- TASK GOAL
Leaving out pictures, output exactly the lines below from the one that has "BYD Ungkap Penyebab" through the one that has "215 Walter Avenue photo 2", and nothing else.

- RECORDED INFORMATION
>>

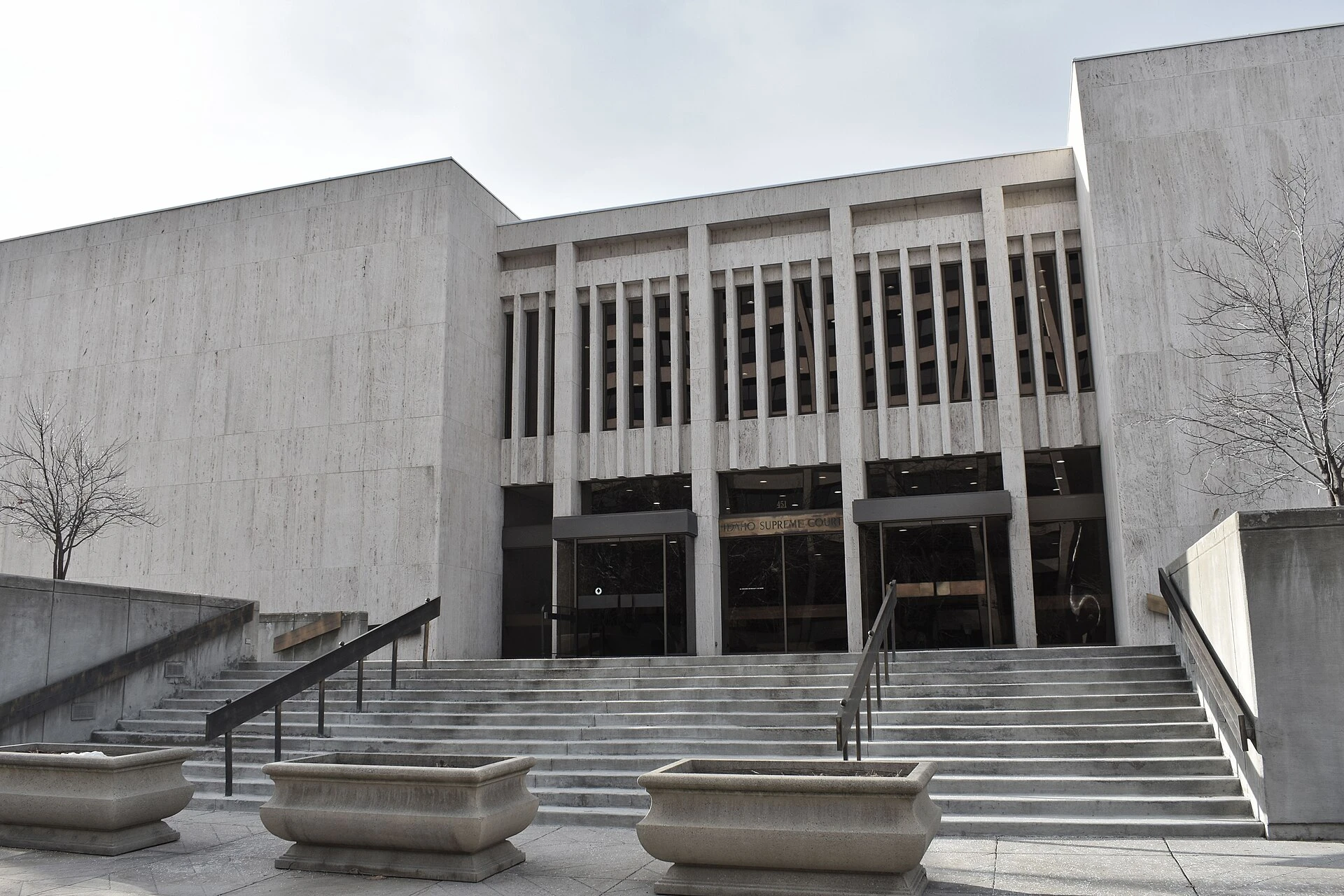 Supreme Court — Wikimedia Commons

<<
>>

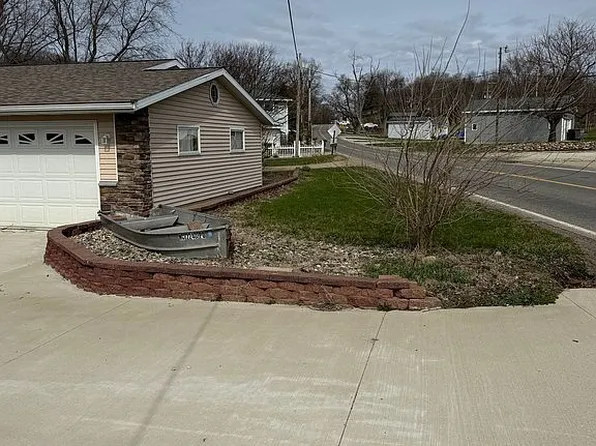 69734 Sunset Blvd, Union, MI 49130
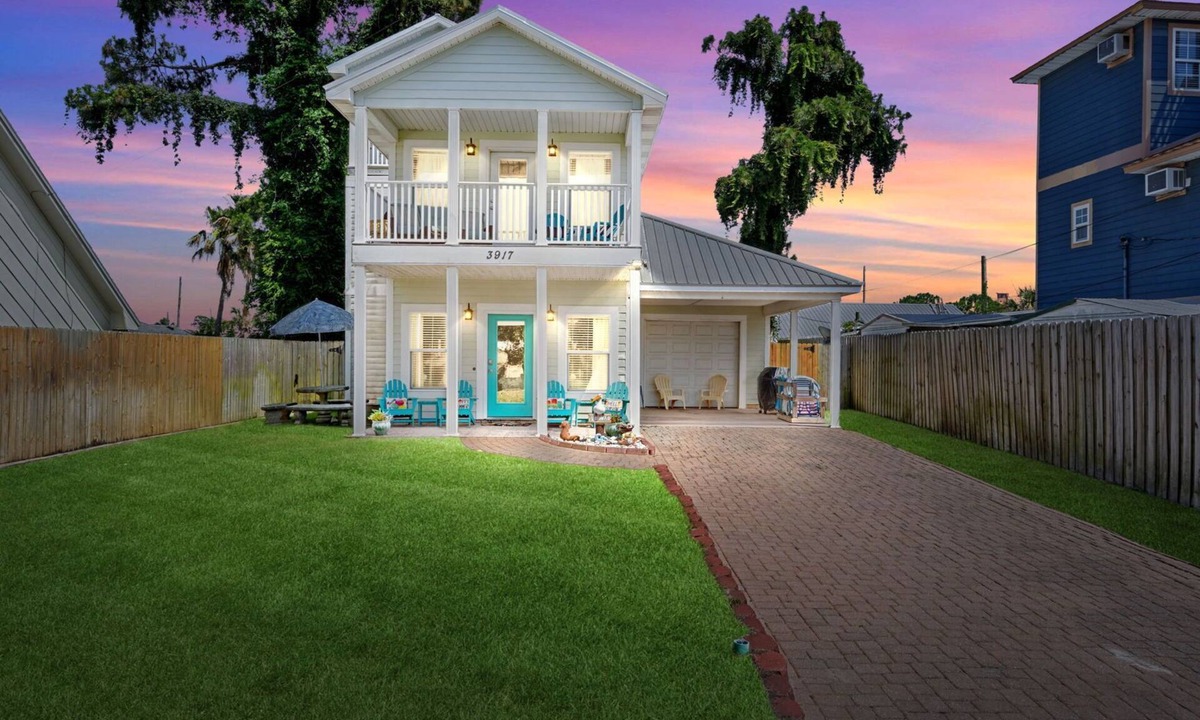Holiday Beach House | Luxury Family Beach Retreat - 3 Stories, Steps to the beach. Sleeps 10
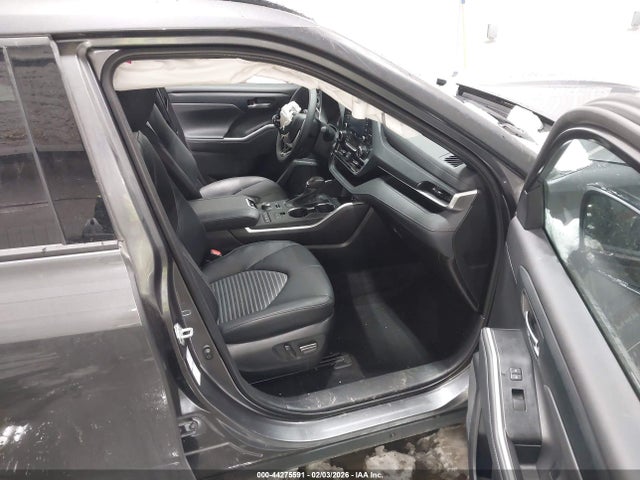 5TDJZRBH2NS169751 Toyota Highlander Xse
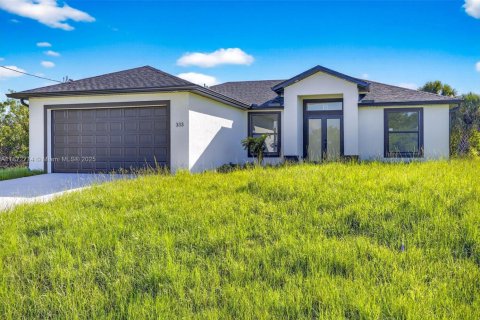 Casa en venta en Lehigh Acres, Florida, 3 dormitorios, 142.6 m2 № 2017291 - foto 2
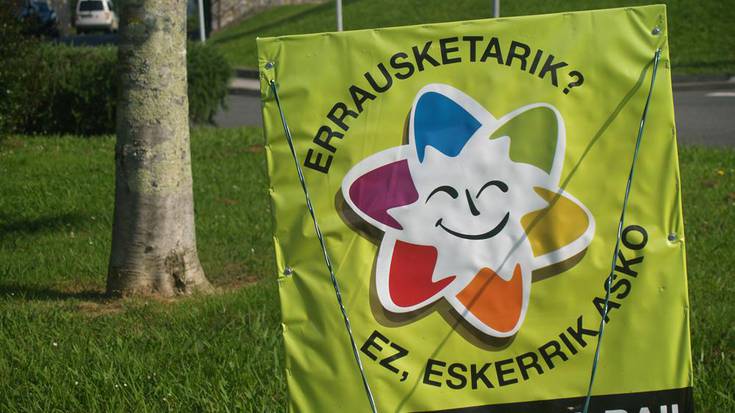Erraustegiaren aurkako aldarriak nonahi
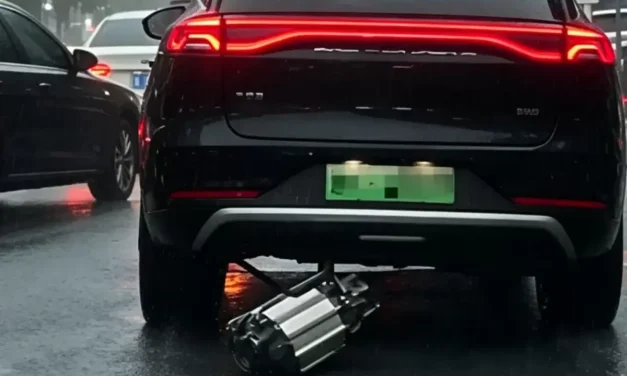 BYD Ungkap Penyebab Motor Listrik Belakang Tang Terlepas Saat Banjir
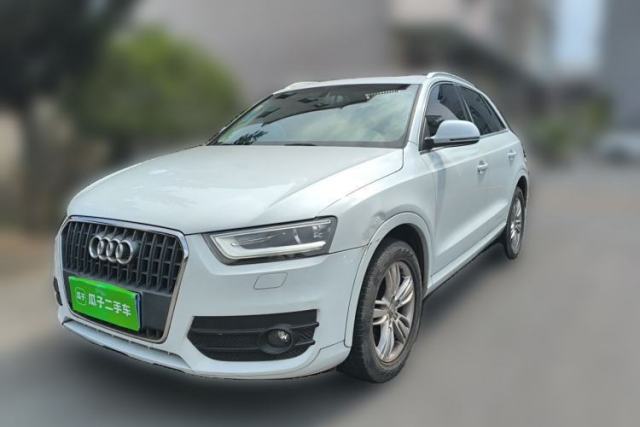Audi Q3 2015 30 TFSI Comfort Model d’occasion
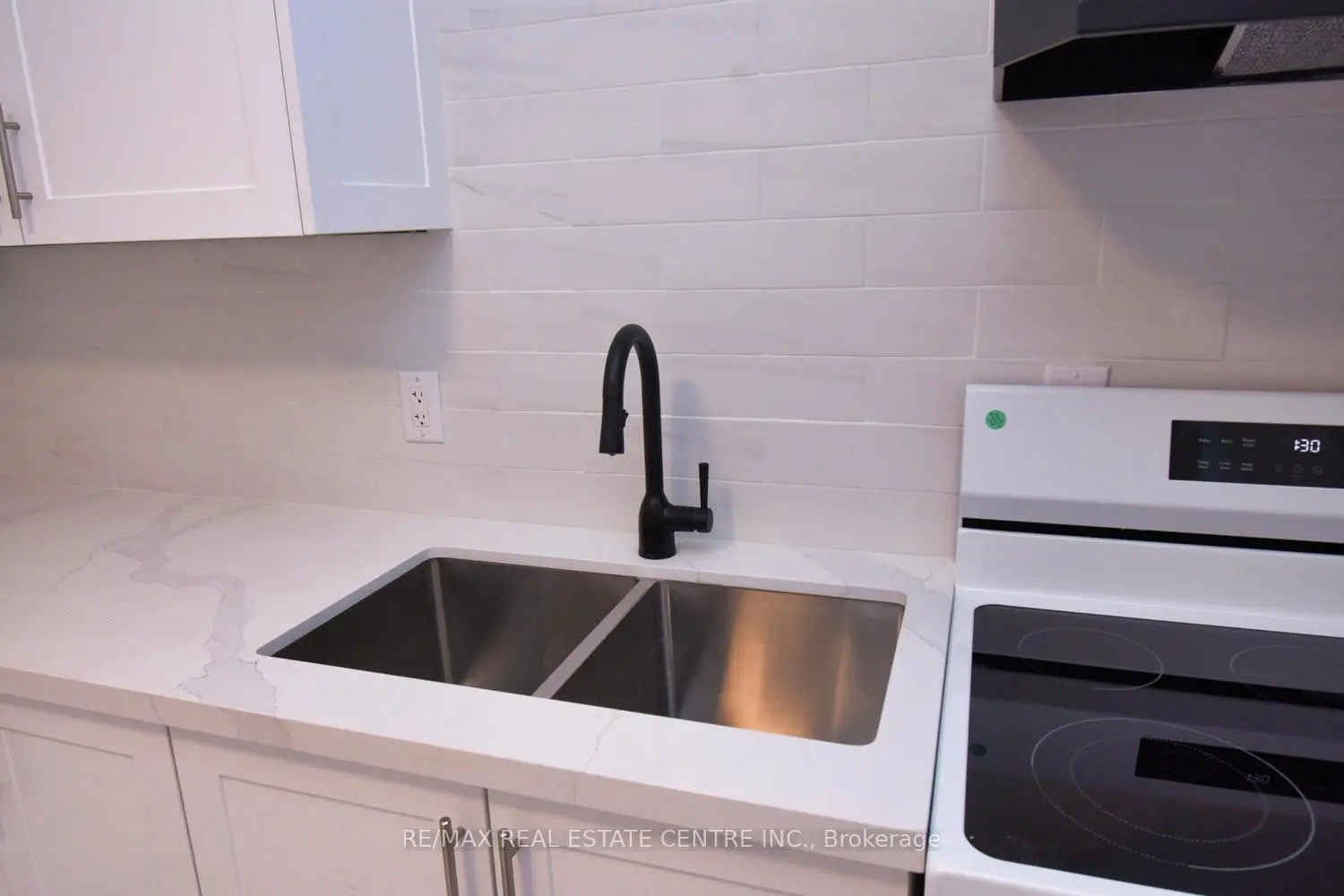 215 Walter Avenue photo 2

<<
>>

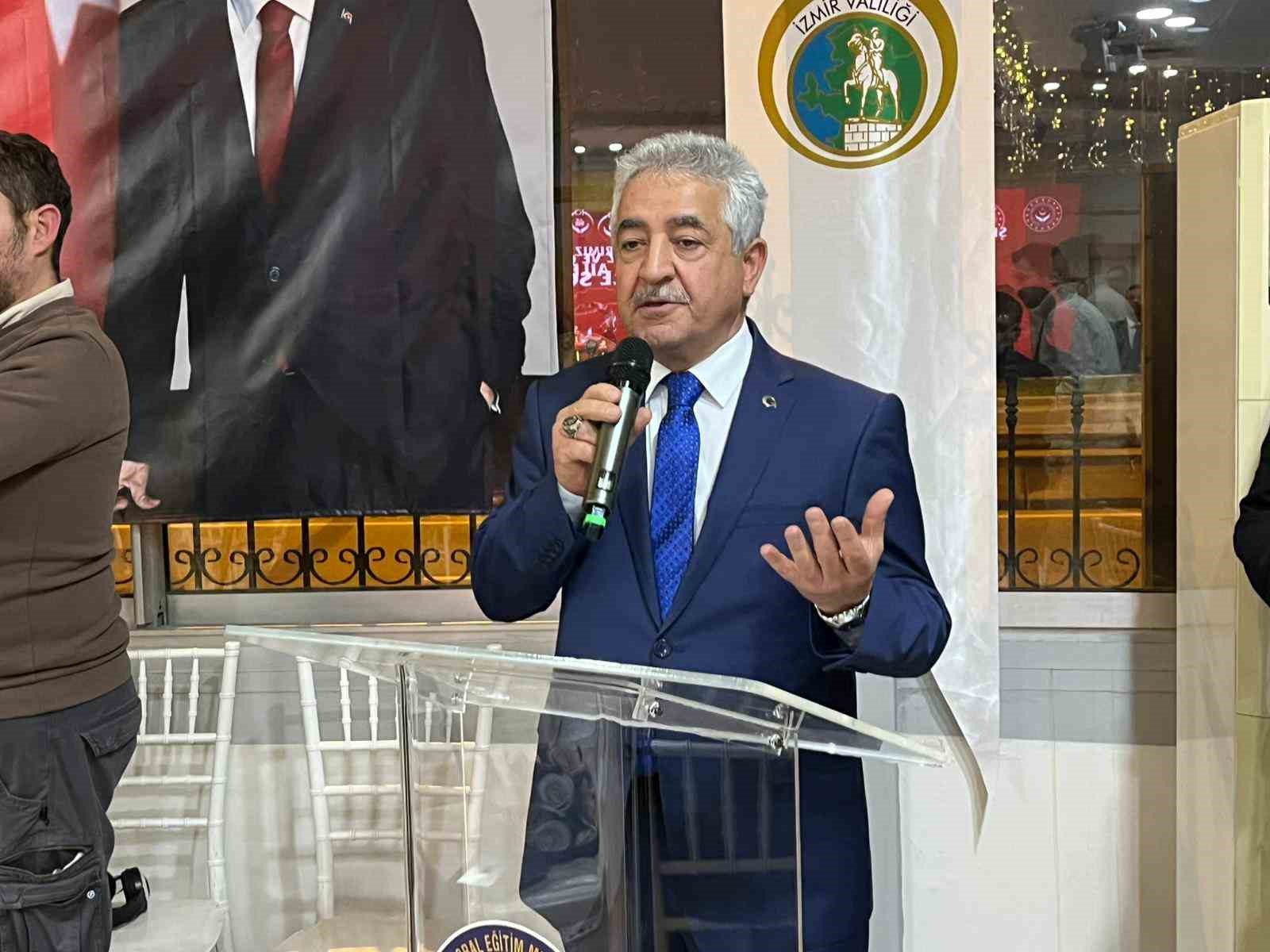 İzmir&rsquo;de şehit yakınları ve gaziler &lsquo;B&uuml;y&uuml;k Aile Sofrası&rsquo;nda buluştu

<<

- RESULT OF THE TASK
 BYD Ungkap Penyebab Motor Listrik Belakang Tang Terlepas Saat Banjir
Audi Q3 2015 30 TFSI Comfort Model d’occasion
 215 Walter Avenue photo 2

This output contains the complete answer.